**To do:** Do any lines in the data below contain "that"? If so, copy every one of them.

**Excerpted data:**
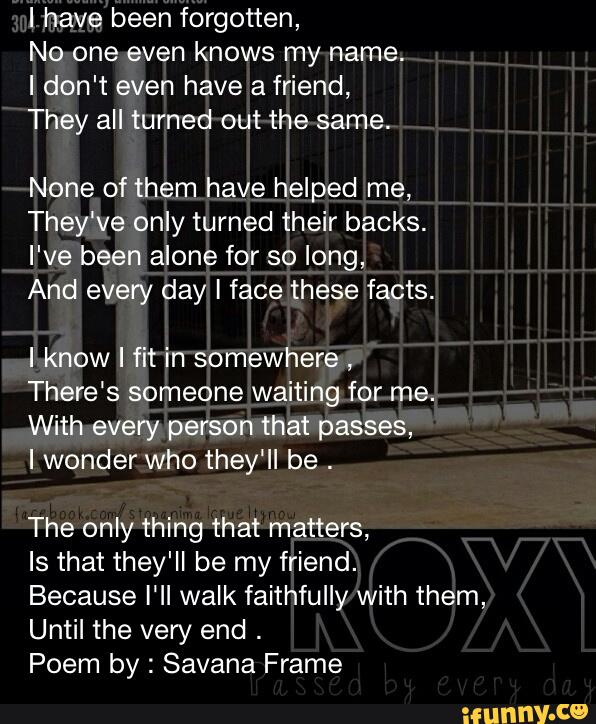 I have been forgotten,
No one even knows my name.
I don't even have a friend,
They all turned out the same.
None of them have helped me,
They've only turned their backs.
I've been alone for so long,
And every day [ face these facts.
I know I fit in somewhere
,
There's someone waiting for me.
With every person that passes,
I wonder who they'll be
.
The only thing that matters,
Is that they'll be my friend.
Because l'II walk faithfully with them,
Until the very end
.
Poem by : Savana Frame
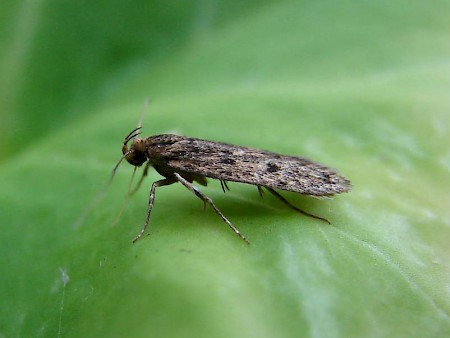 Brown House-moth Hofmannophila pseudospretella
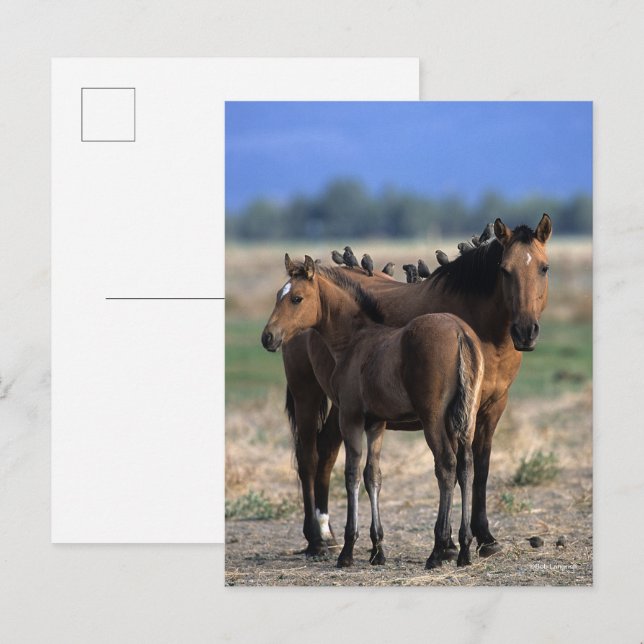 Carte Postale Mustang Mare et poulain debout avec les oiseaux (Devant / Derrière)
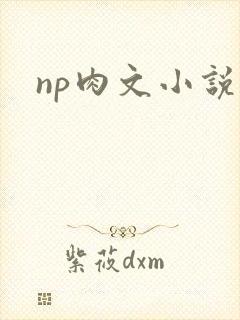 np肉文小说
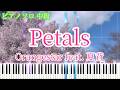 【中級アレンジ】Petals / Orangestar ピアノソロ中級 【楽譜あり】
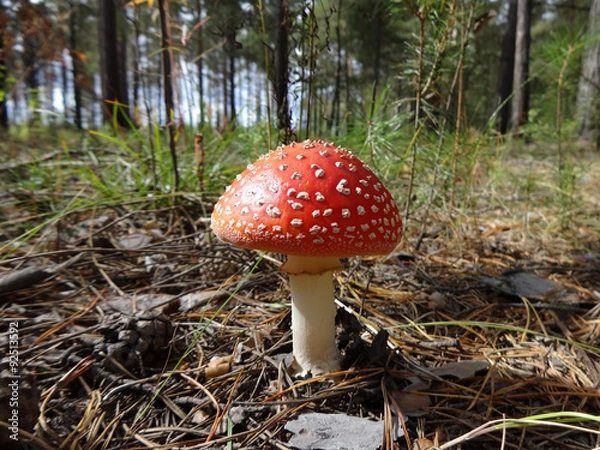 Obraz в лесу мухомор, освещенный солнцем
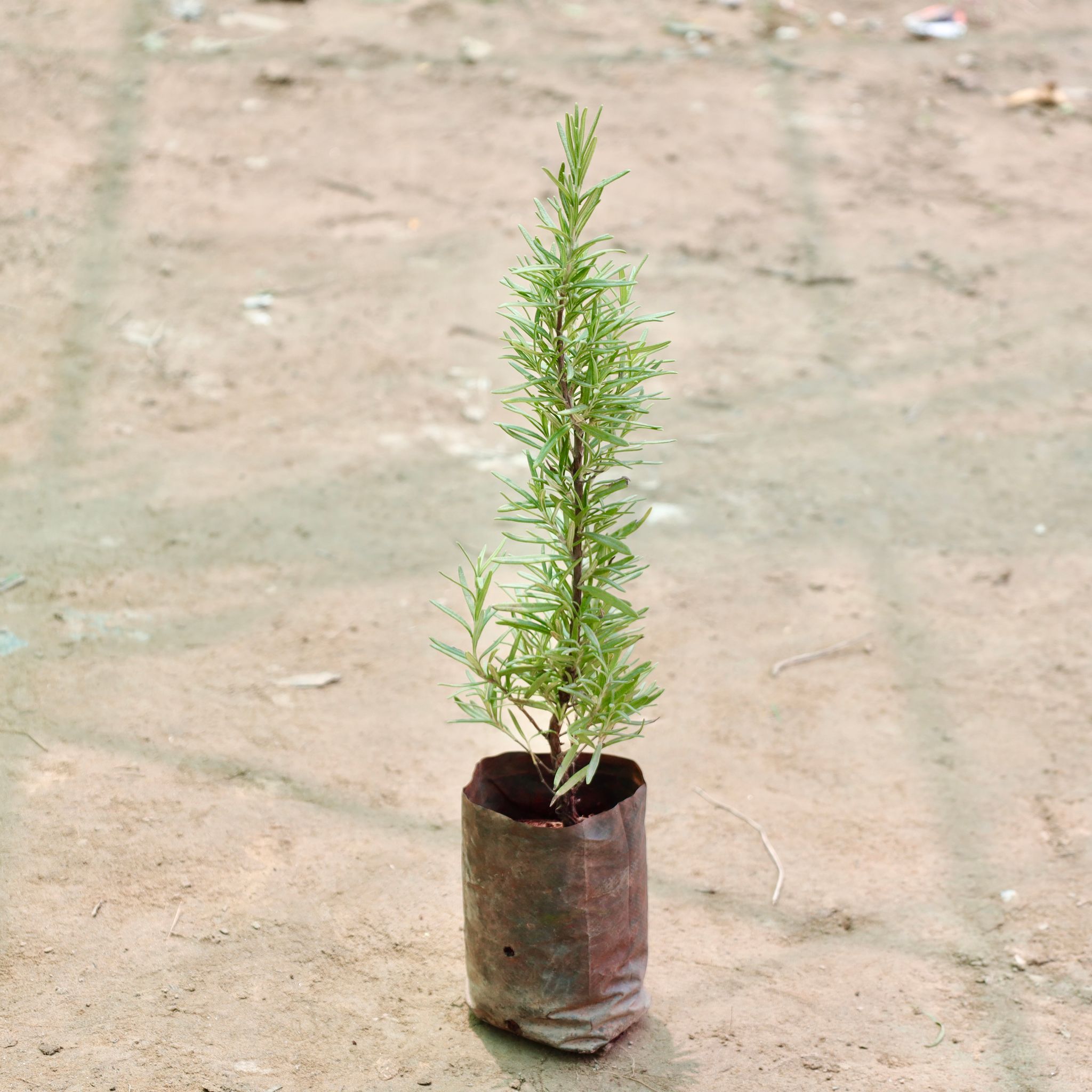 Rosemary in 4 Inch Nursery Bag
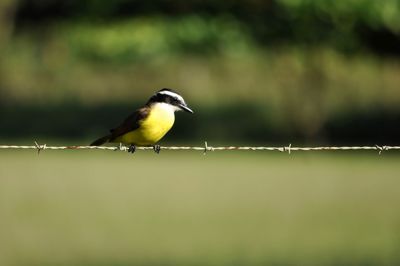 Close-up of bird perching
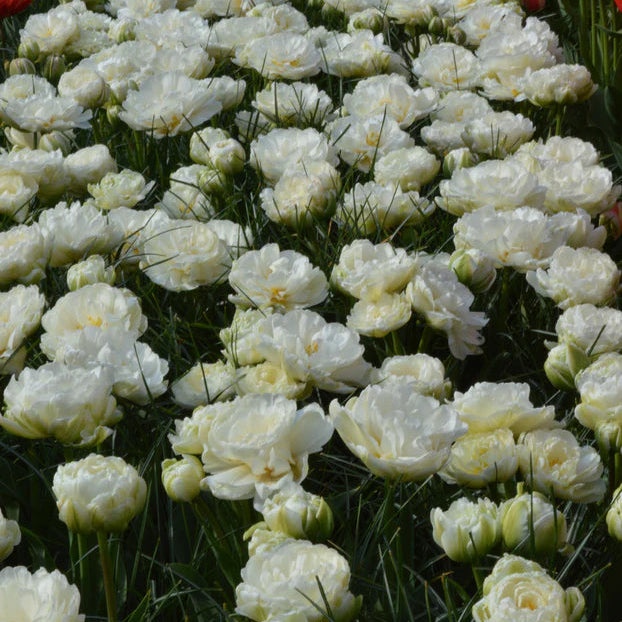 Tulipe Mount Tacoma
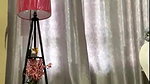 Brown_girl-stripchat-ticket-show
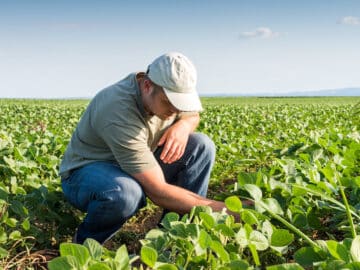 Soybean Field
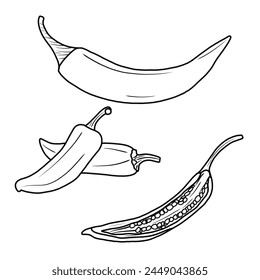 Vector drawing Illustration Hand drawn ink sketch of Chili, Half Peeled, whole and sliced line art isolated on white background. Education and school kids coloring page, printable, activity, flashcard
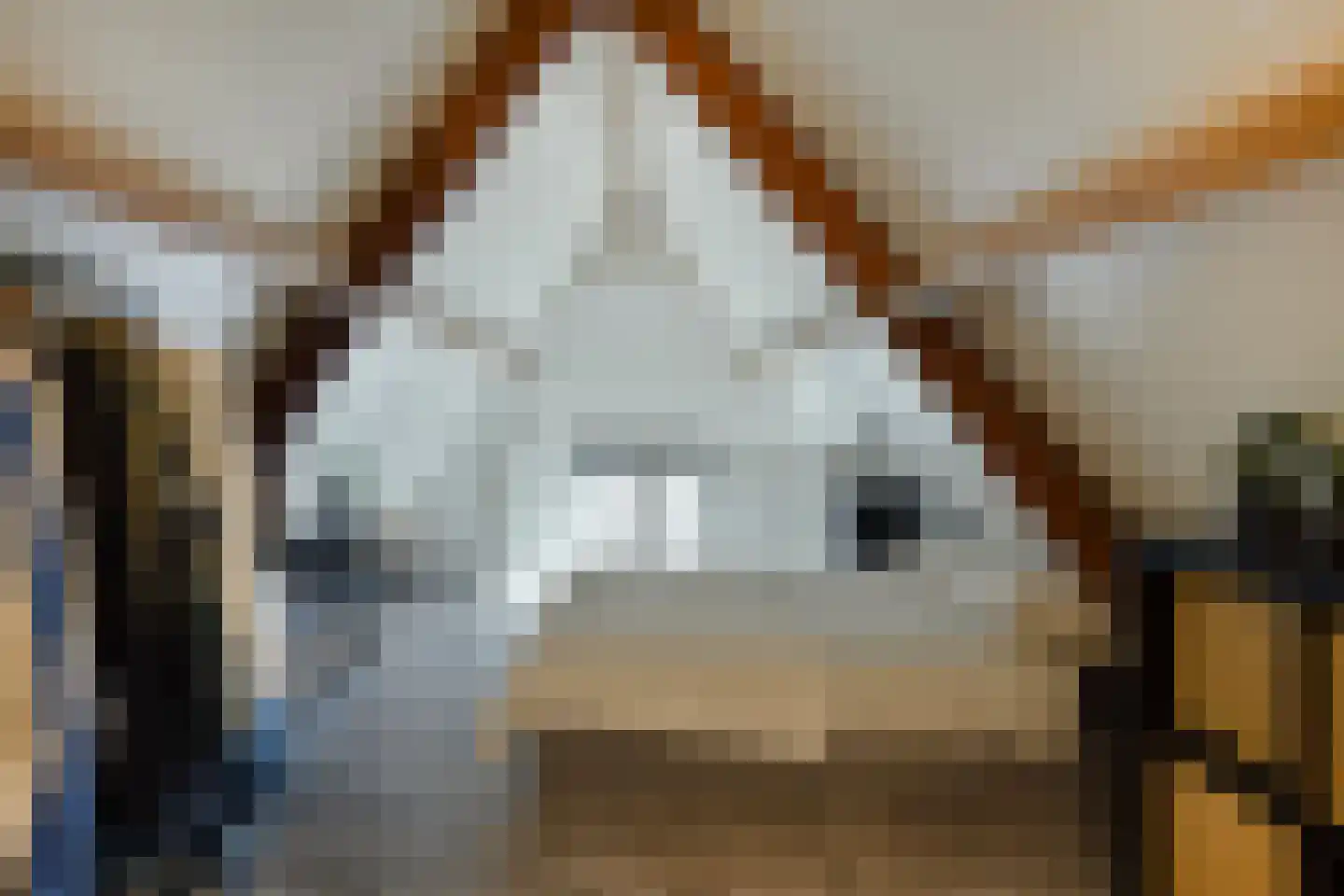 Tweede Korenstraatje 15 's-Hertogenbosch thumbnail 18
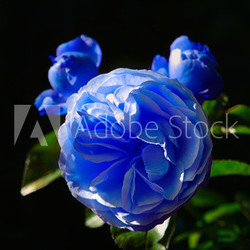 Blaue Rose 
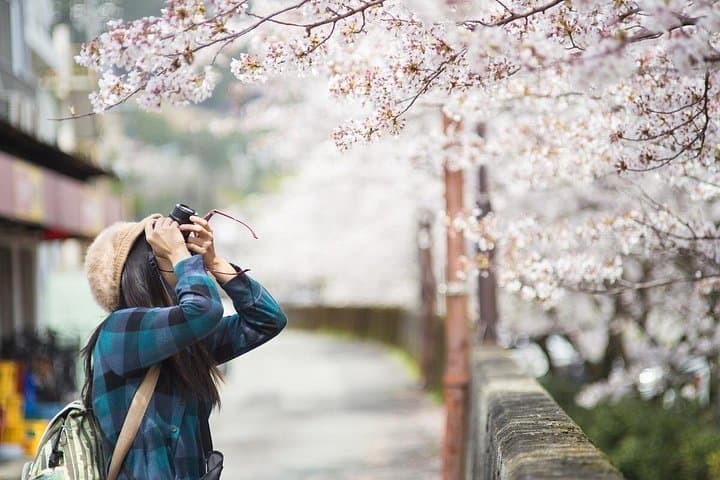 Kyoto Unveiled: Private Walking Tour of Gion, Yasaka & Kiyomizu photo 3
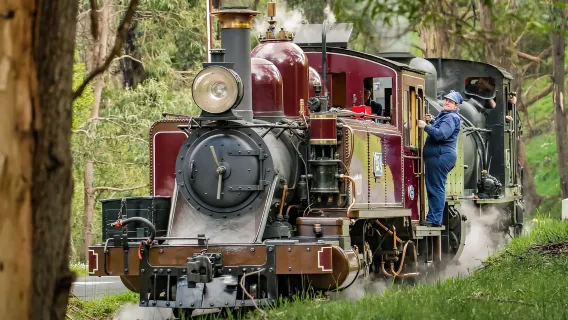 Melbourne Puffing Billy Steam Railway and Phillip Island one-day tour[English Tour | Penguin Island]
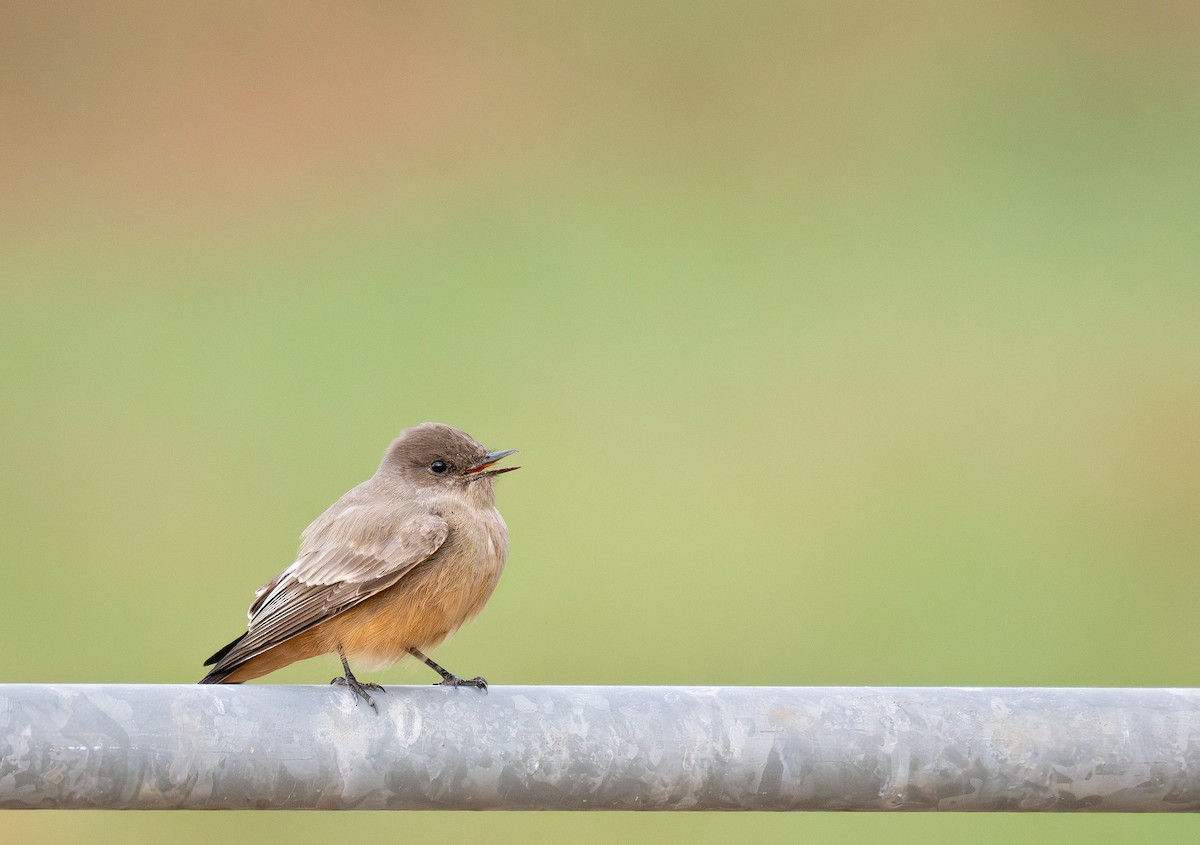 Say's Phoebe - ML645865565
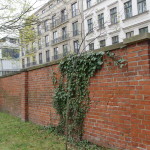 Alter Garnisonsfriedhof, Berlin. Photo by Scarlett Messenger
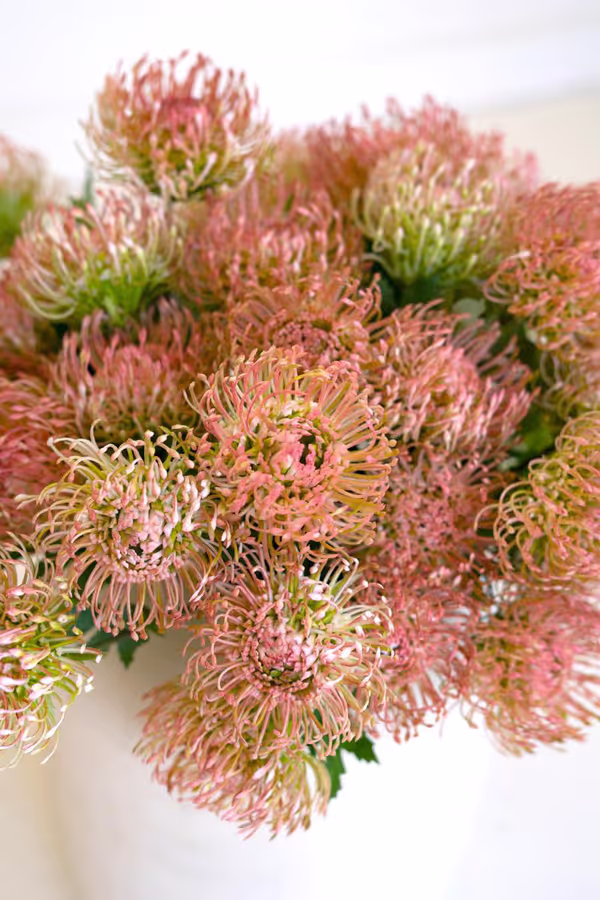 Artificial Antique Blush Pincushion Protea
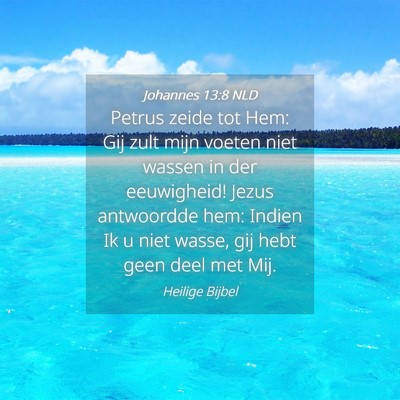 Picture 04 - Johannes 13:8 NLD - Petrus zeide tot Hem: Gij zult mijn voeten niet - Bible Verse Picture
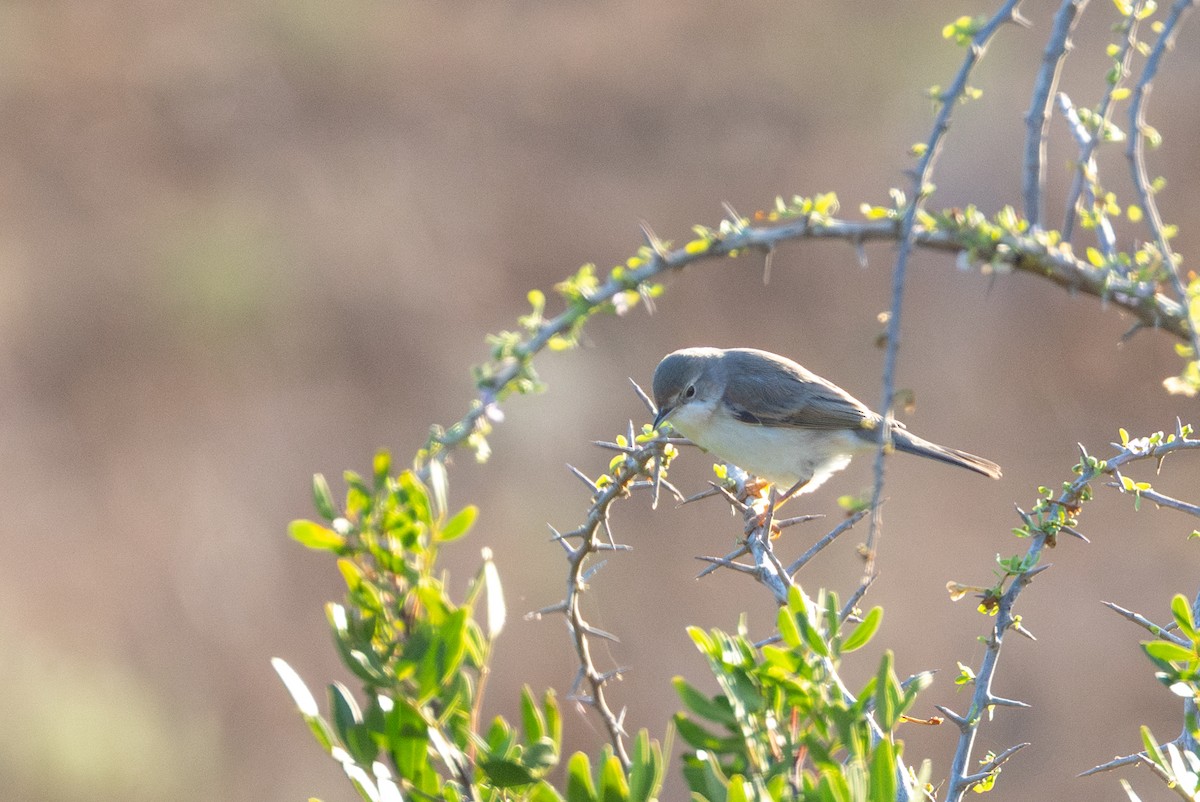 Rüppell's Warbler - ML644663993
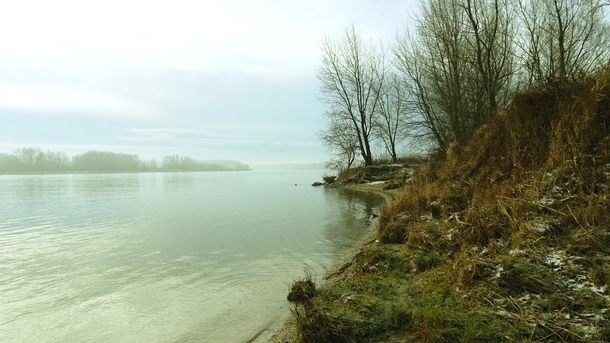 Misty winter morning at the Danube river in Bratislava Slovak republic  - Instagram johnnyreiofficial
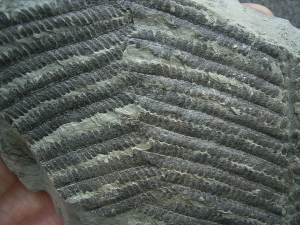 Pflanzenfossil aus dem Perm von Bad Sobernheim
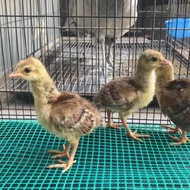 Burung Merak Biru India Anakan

**Solution to this exercise:**
With every person that passes,
The only thing that matters,
Is that they'll be my friend.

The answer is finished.